Neotropic : Absolute Elsewhere

'Absolute Elsewhere' is the "dark exotic new work" from British producer, vocalist and electronic artist Riz Maslen. Her music is a confluence of contrasting forms yet composed and mixed in a very fluid sense. The compositions contain cinematic elements, haunting voices, orchestral overtures, synthetic ambience and folksy lyrics which conjures dark and dreamy visuals. Welcome to minor paradise : A sea of 'highland' voices cascading a post-nuclear world, awash with choral ambience, nocturnal moods, stark beats, a sound somewhat mythologic and forlorn (or is that our imagination at play with the music?)  Riz Maslen's press note reads "Oscillating with ease between the intimate and the operatic, the earthly and the ethereal, former Ntone artist and FSOL collaborator Maslen has created an otherworldly song sequence intoning a graceful path through beguiling and disturbing territory". Release on Slowcraft Records, run and curated by James Murray, the label's website states "Slowcraft has been presenting carefully crafted deluxe editions for people who treasure beautiful audio artefacts since 2011". We spoke to Riz (Neotropic) recently, about her latest album The Absolute Elsewhere and her formation as an artist.



Tell us about your background? Your teens and formation as an artist?
I grew up in the countryside... West Country - a very small farming community. As I child I loved wide open spaces and would spend most of my summers helping out at the local farm with the harvest, along with lots of horse riding. I also played the recorder and flute and was involved with lots of classical events in Bath and Cheltenham. This is where I got my first taste of music. Both my parents loved music and it was always on during the weekends. Singer songwriters and heavy rock... I was always inspired by everything around me, and would spend most of my school day staring out the window day day dreaming, conjuring up imaginary lives and the people who lived in these worlds!

Your work with Future Sound Of London?
I moved to London in my early 20's and was keen to pursue my music after being in a few bands as a teenager it was time to find my way! I ended up working with a producer call Hamish MacDonald who had produced a number of successful hip hop artists. Firstly I just sang for him but I got bored of that really quickly and needed to be more involved in the production of the tracks. He basically showed me how to use the desk, sampler and some bits of outboard. The place where he had his studio was a warren of rehearsal rooms and other studios. Bands came and rehearsed and the studios had a number of electronic producers FSOL and 4 Hero. I bumped into Brian from FSOL and we got chatting and he mentioned he had done the track Stakker Humanoid and that he was now working with Garry Cobain on a new project called FSOL. They were looking for a vocalist and asked if I would be interested. It was when I started to work with them that I got to really see a different way of creating music, with sampling and programming! I was hooked and decided this is what I wanted to do.
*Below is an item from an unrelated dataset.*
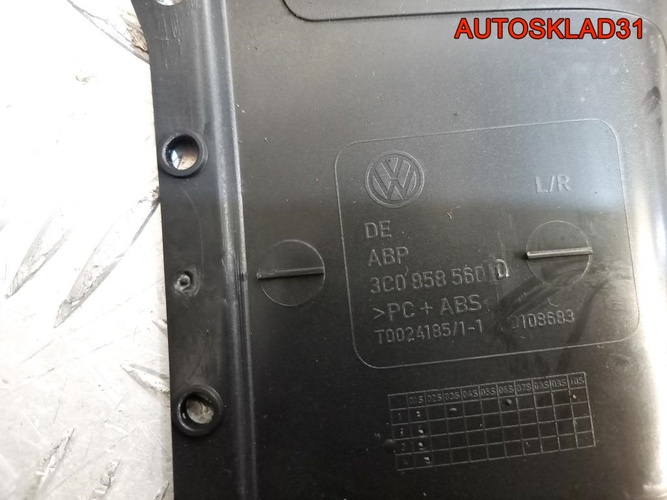 Кожух рулевой колонки VW Passat B6 3C0858560D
Your music has cinematic influences. Tell us a bit more?
I have always been inspired by great moving pictures and the soundtracks that accompanied them. Ennio Morricone scored a lot of spaghetti westerns and for me these films, without the music, would not be the same. In Sci-fi for me, Blade Runner is fantastic, a visually inspiring film, but here too without Vangelis's music, would never have the same effect. The opening scene of Stanley Kubrik's 2001 is just spectacular, the music works in tandem with the grand visuals. I love the way music can change a whole scene, bringing a barrage of emotions to the viewer. 



You say "steeped in spiritualism and rituals" Tell us a bit more about this side of your music?
I am not a religious person, but feel music definitely has a spiritual effect. I have travelled a great deal and been exposed to many different cultures, music plays a huge part in rituals. I spent a month in Borneo during 2012 and was part of a death ritual which went on for days! the drumming and singing became almost trance like something I had never experienced before, you become one with this sonic funeral dance! Its the same in New Orleans death is about celebration and is always draped in music, as they send off their loved ones in style!



How do you perform music live? band? solo? your set up?
I have done both, in the beginning I would pretty much go out solo, laptop, keyboard. I am now playing with a live band which is a lot more fun, I like the sense of community when working with a band and we all feed into it. My current band are the most amazing musicians and I feel extremely blessed to be working with them. We love each other so much that we all play in each others bands. We have a much bigger set up live piano, violin, lap steel, analog synths and drums, trumpet and flute, pretty much anything goes!

Post Absolute Nowhere ... Your Future plans?
I released an album in August this year through Slowcraft records and have been supporting it with some live shows over the last few months. It would be great to take it round Europe or at least do some festivals next year if we can get them! Not always easy taking a full band on the road. I love gigging for me this is where the work really comes to life! I am working on a few other projects with Oliver Cherer, Jack Hayter and Darren Morris, we have an improv project called Non-Blank and we have been recreating live soundtracks to films: The Cabinet of Dr Caligari, Alice by Jan Svankmajer and The Great White Silence a film by Henry Ponting about Scott of the Antarctic. I am also very keen to get off the ground a project with a writer call Shaun Gardiner, the project is called Boy Zero.